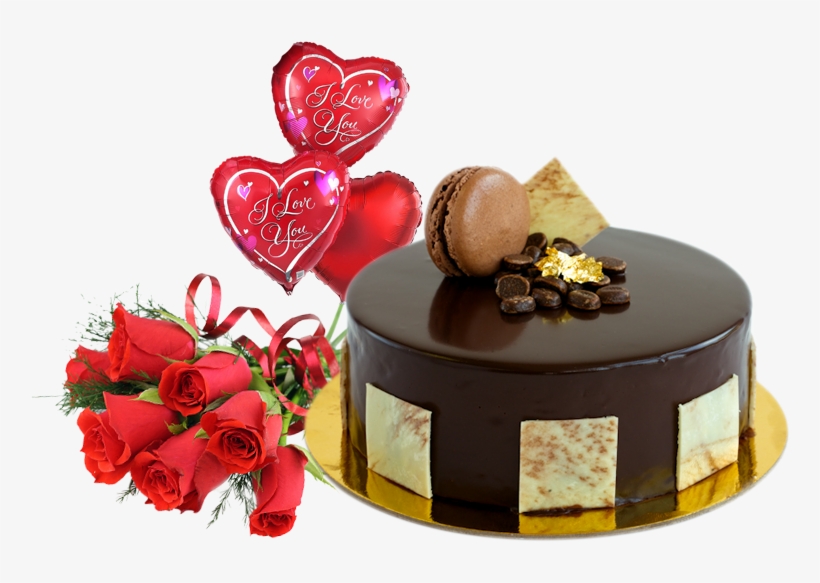 Cheer Chocolate Cake Flower Combo In Sharjah - Kitkat Cake Online Delivery, transparent png #4209369
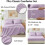Light Purple Comforter Set Lavender Full 7-Piece 3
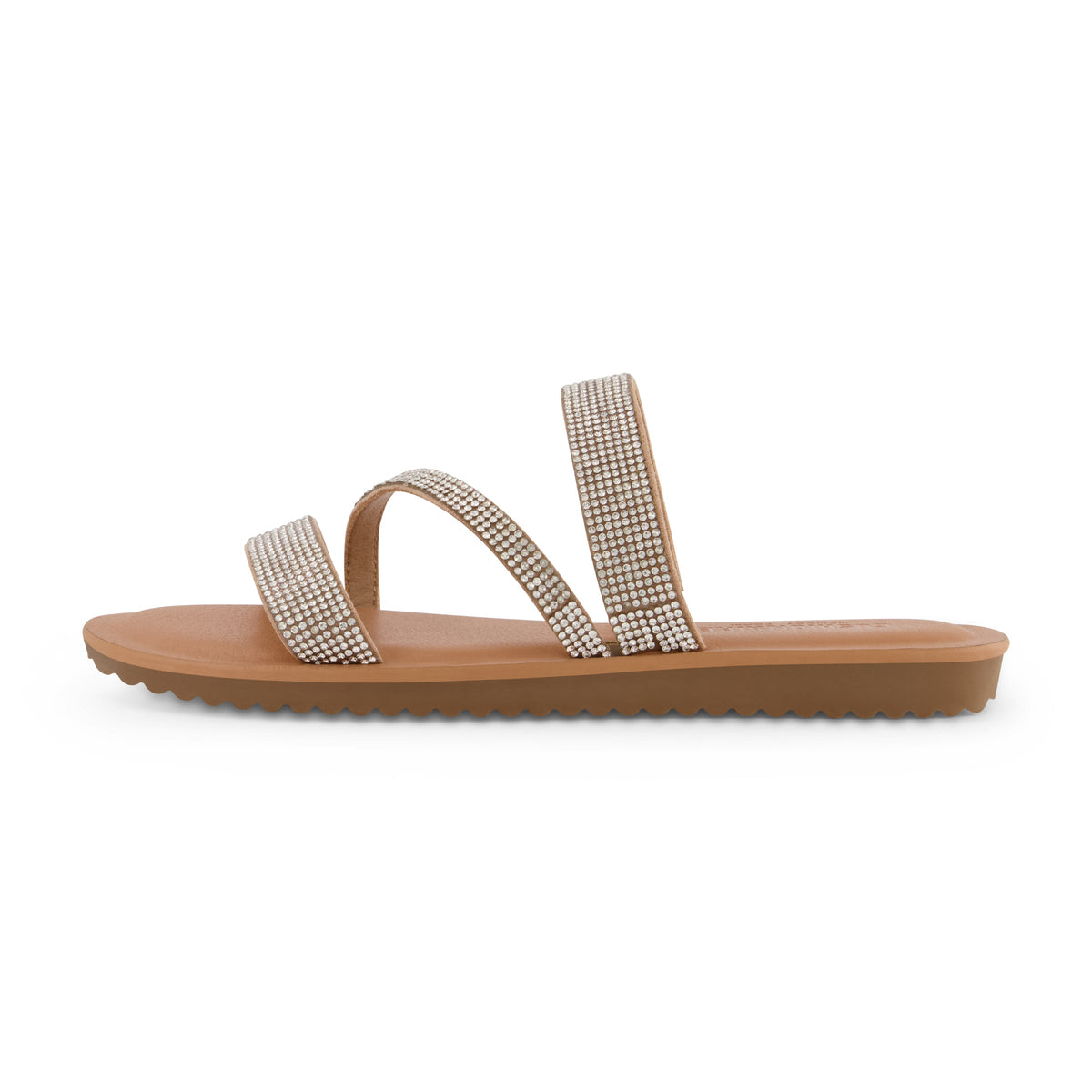 Vienna Rhinestone Slide Sandal - view 1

◆ ◆ ◆ ◆

• Assignment
Print the listing exactly, pictures excluded.

• Solution for this task
 Cheer Chocolate Cake Flower Combo In Sharjah - Kitkat Cake Online Delivery, transparent png #4209369
Light Purple Comforter Set Lavender Full 7-Piece 3
 Vienna Rhinestone Slide Sandal - view 1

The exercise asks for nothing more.